I read The Ottawa Herald articles covering the national sex scandals pertaining to well-known powerful men such as Bill Cosby, Harvey Weinstein, Matt Lauer and even Garrison Keillor. I feel that this phenomenon is due to enough women simply being fed up with the perverted actions of men who may inwardly think they are pulling “frat boy” antics, but who are committing real-world criminal lewdness and sexual assaults.
I believe the world in “2017 America” is changing among men, too. No longer are many men willing to turn a blind 0eye while an innocent woman is groped, fondled or even raped by other men. Too many powerful men, for far too long, have thought that they would be inoculated or given a “free pass” due to their stature in Hollywood, politics, business, and even journalism — in the case of Charlie Rose, Matt Lauer, and even Garrison Keillor, whose despicable actions have been admitted and confessed-to.

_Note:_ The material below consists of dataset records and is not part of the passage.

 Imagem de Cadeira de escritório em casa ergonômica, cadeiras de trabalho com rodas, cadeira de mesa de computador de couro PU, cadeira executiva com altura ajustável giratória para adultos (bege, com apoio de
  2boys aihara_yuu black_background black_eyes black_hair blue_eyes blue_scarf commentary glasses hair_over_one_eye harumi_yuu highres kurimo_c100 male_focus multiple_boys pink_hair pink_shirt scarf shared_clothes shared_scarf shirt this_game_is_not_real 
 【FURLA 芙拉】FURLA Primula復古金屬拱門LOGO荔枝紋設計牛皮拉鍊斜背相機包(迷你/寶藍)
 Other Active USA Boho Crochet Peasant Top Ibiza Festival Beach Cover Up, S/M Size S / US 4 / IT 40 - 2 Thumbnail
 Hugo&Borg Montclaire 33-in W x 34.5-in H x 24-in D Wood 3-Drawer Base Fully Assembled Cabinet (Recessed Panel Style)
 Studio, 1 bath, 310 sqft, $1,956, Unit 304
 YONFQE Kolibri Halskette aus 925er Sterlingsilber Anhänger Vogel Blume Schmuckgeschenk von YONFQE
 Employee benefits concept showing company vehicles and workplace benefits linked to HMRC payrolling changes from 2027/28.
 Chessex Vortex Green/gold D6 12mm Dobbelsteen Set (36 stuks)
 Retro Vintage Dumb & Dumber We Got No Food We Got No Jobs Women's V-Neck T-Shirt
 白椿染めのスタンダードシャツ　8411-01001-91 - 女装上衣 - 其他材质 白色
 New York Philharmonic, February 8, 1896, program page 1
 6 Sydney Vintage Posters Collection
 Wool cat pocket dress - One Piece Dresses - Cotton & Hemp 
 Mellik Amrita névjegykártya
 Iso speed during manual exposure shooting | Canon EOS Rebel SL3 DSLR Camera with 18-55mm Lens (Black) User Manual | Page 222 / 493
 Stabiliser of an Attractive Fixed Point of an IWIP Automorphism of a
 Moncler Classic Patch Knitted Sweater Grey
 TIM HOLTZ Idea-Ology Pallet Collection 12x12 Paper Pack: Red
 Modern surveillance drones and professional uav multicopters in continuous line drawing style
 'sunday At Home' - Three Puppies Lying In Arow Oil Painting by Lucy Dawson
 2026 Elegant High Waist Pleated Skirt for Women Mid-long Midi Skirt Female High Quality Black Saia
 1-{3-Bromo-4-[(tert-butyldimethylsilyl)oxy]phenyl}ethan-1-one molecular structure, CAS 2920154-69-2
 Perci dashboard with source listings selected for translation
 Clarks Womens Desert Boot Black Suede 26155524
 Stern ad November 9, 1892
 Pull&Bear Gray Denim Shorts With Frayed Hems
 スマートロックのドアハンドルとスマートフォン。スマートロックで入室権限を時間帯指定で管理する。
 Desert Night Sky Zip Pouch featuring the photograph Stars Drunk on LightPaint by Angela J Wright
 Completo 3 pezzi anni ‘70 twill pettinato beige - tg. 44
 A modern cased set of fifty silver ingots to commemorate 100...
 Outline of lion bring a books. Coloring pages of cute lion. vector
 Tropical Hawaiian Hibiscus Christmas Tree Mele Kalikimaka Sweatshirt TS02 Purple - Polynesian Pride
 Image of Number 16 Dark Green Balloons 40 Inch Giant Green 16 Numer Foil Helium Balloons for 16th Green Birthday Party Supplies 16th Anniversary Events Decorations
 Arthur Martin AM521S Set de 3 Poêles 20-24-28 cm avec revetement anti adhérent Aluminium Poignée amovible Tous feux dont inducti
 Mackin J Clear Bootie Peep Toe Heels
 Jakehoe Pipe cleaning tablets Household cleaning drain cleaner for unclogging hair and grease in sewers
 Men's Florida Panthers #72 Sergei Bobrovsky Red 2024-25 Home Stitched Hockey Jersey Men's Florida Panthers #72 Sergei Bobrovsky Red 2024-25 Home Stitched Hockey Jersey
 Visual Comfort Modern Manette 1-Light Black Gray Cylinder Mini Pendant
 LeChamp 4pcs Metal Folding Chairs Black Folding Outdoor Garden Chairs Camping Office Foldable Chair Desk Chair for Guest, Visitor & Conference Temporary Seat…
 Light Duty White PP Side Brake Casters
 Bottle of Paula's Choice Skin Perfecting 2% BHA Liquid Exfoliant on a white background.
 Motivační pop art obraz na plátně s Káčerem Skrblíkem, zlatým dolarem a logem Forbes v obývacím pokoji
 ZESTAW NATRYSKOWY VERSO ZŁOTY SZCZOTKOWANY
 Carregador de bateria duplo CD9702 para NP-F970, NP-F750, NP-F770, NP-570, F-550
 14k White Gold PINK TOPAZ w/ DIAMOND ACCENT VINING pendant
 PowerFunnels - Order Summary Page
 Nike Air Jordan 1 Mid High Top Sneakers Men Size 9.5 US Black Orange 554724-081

I attended a Garrison Keillor “one-man show” in April 2015. It was billed as a “family-friendly event”. I knew of his folksy former radio show “Prairie Home Companion”, so I felt it was innocent. True enough, families with young kids were there. Yet, I was shocked when Keillor used salty language and even described the house in Minnesota where he lost his virginity was now a paved-over highway. I thought that was a bit “over the top” and not fitting conversation for a family-oriented event. I originally thought Keillor was a folksy guy on the radio; yet he sounded lewd and lascivious in his one-man act, as he toured the nation in 2015. For a man who is 75 years old, he now has ruined his image and becomes a poster boy for the proverbial “Dirty Old Man”.
Similarly with Bill Cosby who is now age 80. He ruined his career and the shame can never be cleansed from him. Cosby allegedly used date-rape drugs, whereas Matt Lauer used buttons under a desk to lock doors so he could molest co-workers. In many ways, prison is “too good” for those types of heinous offenders.
Gone are the days of Jimmy Swaggart with his sobbing “I have sinned” speech or PTL televangelist Jim Bakker having a blackmail-type of affair with his church secretary Jessica Hahn. Gone is Bill Clinton’s parsing of words that “it all depends on what the meaning of the word ‘is’ is”. In today’s cultural climate: I firmly believe Bill Clinton would be convicted in the Senate and removed from office if the Monica Lewinsky scandal happened today. Senators shirked their duty years ago. Their job in an impeachment is merely to ask: “Is the defendant guilty of what is accused?” The House’s job was to define the charges, which they accurately did do. Regrettably, many senators blurred their duty. Clinton got acquitted. Men such as Sen. Al Franken should do the honorable thing and resign now. Franken has admitted absolute guilt. I applaud many of today’s American women who now muster the courage to call-out and spurn a perpetrator.
The days of a “casting couch” or a “tryst” for advancement in a career must stop. Powerful men can no longer use fear, intimidation and threats to gag or blackmail their victims into silence. In an age of cell phones with cameras and microphones — combined with women of courage — perhaps more men will act like gentlemen instead of serial abusers. Tougher criminal penalties and punishment must become “the new normal”. I am pleased that authentic women with valid claims have the courage to come forward and report crimes to police. My only hope is that they will come forward sooner, so they cannot be accused of copycatting or chasing monetary damages. Plus, by a similar token: the sooner a perpetrator is reported, the fewer future victims he will have a chance to prey upon.